Toby Hay destaca-se pelo ar angélico e etéreo que se funde nas suas paisagens sonoras que gravitam no espaço indeterminado pelo tempo. A guitarra de 12 cordas Red Kite personalizada foi feita especialmente para o guitarrista e foi criada por Roger Bucknall . É configurada para ser tocada em afinações únicas. New Music for the 12 String Guitar foi gravado durante dois dias nos estúdios Real World. Todos os temas, gravados e misturados por Tim Hay, são registos ao vivo, sem overdubs ou edições.

© Toby Hay

Toby, obrigada por nos concederes esta oportunidade. Como te encontras nesta fase de confinamento? Podes falar um pouco sobre a tua realidade e sobre o que se tem vivido na tua região de Mid Wales?
Tem sido um ano estranho. Digressões canceladas. Duas gravações de álbuns canceladas. No entanto, aproveitei esse tempo e espaço. Tenho sorte por viver onde vivo. Posso andar quilómetros e não ver uma única pessoa. E tenho gostado de fazer jardinagem também. Cultivar coisas trouxe-me conforto. 

A tua relação com a guitarra é muito íntima. Como foste criando esse vínculo?
A guitarra é importante para mim. A música é a minha maneira de me exprimir e vejo a guitarra como uma ferramenta para isso. 

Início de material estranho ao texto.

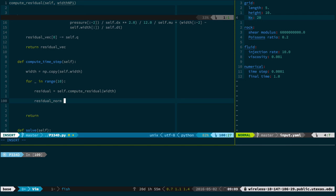We need a stop criterion. I'm going to use the norm of the residual — the L2 norm, the Euclidean norm. This residual is a vector I want to be all zeros. I want a scalar value to determine when to stop my simulation, so I'll use the norm of that vector: take the square root of the sum of the squares of the entries. There's a built-in function in NumPy for that, although it's not that hard to code up yourself.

Muitos vídeos em que participas têm como pano de fundo paisagens exteriores e naturais. Acreditas que são pinturas que melhor personificam o teu estado musical e de alma, e que todo o meio envolvente (os pássaros quando cantam por exemplo) inclui-se na poética da tua composição? 
Acho que estás a falar dos vídeos mais recentes que fiz. Tenho gostado muito de improvisar durante estes tempos incertos. A composição sente-se como já estabelecida, final, e terminada. A improvisação sente-se como fluída, adaptável e mutável. Sinto que é muito mais apropriada para agora. As paisagens e sons naturais inspiram essas improvisações.


Claramente que a tua técnica passa por muitas horas de trabalho diárias. Quantas horas mais ou menos tocas por dia?
Não toco assim tanto, deveria tocar muito mais. Há dias em que nem sequer toco. Varia muito, não tenho um regime muito austero. 

É o teu irmão que grava as tuas criações. Como se dá essa relação e como é a vossa dinâmica?
Trabalhei com o meu irmão na maior parte do trabalho de gravação que fiz. Confio nele. Ele sabe do que eu gosto e comunico bem com ele. Não gosto de pensar muito no lado técnico das coisas enquanto trabalho na minha música, então é bom ter alguém que possa lidar com isso. Isso permite que te foques apenas na música. 

The Longest Day é o teu primeiro álbum — uma espécie de homenagem a casa e uma despedida que principia uma viagem por outros mundos, como acontece em New Music for the 12 String Guitar. És influenciado pelos ragas indianos, pela corá da África Ocidental (kora) e pelo trabalho do escocês harpista e copista musical Robert ap Huw — a tua música é portanto uma captura e uma mistura dessas atmosferas, estando também o folk escocês intrínseco à cultura musical da tua região. Todas essas influências coabitam no teu mundo e são sede de conhecimento?
Eu ouço música de todo o mundo. Gosto de descobrir novas sonoridades e elas encontram sempre maneira de se imiscuir no que toco. E às vezes, intencionalmente, deixo-as entrar, mas outras vezes, elas descobrem como entrar à sua maneira. De qualquer forma, eu não ouço assim tanta música, prefiro focar-me na minha. 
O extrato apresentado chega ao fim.